# Caliber Mortgage



## Craigslist Hack (Jun 14, 2012)

What kind of experiences are you guys having with this outfit?


----------



## RichR (Sep 22, 2012)

They don't approve **** on their properties for the Pre Sale side through M&M. Post sale side I have limited experience with them.


----------



## Craigslist Hack (Jun 14, 2012)

RichR said:


> They don't approve **** on their properties for the Pre Sale side through M&M. Post sale side I have limited experience with them.
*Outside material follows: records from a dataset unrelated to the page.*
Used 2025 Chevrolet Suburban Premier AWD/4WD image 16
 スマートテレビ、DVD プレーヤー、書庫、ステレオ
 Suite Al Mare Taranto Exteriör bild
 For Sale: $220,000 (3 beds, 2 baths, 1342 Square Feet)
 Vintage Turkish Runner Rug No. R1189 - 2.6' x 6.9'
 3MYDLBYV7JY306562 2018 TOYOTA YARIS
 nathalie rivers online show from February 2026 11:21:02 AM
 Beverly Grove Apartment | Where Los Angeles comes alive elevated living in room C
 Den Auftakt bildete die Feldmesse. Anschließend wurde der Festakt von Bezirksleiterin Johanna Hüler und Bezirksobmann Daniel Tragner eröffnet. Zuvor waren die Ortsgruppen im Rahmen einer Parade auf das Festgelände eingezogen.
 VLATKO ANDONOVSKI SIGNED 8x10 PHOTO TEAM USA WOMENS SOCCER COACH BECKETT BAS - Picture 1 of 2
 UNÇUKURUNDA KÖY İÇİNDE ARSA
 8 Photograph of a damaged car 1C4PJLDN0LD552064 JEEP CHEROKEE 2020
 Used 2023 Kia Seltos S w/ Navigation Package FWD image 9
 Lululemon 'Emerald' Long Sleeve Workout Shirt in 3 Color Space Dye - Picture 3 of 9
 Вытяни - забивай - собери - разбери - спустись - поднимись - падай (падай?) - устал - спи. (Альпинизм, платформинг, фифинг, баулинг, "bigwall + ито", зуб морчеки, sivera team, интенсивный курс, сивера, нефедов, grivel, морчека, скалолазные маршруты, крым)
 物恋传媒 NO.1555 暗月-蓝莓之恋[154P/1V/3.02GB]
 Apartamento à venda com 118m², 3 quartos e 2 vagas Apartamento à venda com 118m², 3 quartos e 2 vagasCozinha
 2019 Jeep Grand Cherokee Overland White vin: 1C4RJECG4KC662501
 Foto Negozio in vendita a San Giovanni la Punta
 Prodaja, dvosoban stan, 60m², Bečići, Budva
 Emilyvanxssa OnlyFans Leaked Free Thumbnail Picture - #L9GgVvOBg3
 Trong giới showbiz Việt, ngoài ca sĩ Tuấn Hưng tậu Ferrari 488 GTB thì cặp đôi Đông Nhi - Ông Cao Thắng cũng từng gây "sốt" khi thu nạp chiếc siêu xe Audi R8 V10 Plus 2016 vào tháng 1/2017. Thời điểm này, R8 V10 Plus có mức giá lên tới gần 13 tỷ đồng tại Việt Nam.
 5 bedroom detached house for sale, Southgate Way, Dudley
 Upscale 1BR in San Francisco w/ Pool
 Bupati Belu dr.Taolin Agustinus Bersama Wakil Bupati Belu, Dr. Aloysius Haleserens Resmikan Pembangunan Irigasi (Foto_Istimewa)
I've had good luck with them on the REO side until recently. We began a 33k rehab on a property that should never have been rehabbed. They were going to next day the check for half down. Suddenly I get a call saying this is no longer their policy. They called we had words. They expect us to front the entire amount then be paid back in two weeks. I explained that If I wanted to invest 33k of my own money I would just buy a property and rehab it. We won't be working for them in the future. They think they will send someone from their database of contractors to finish the job. They called another local guy he asked for a deposit and things got heated. He is now banned for life. He doesn't care and called me to laugh about it. I called a couple of inspectors and told them to watch this property.


----------



## ClearBoard (May 10, 2017)

We've been doing Caliber work for a few years on the pre-sale side. They used to be awesome on bid approvals, so much so that I would do a little dance when we got a new Caliber property...then last year they got greedy like all the rest and became super conservative on bid approvals. Now they have an allowable list of items that can be completed in hopes to prevent any bids needing to be submitted/approved for issues that would result in violations and escalating damages to the home. They still approve bids but it's spotty. I'm totally with you on that though! Who in their right mind would take that risk to go that deep into their pocket to fund their rehabs and without a written contract I'd assume? That could be financial suicide! No other contractor would be stupid enough to do that.


----------



## Craigslist Hack (Jun 14, 2012)

ClearBoard said:


> We've been doing Caliber work for a few years on the pre-sale side. They used to be awesome on bid approvals, so much so that I would do a little dance when we got a new Caliber property...then last year they got greedy like all the rest and became super conservative on bid approvals. Now they have an allowable list of items that can be completed in hopes to prevent any bids needing to be submitted/approved for issues that would result in violations and escalating damages to the home. They still approve bids but it's spotty. I'm totally with you on that though! Who in their right mind would take that risk to go that deep into their pocket to fund their rehabs and without a written contract I'd assume? That could be financial suicide! No other contractor would be stupid enough to do that.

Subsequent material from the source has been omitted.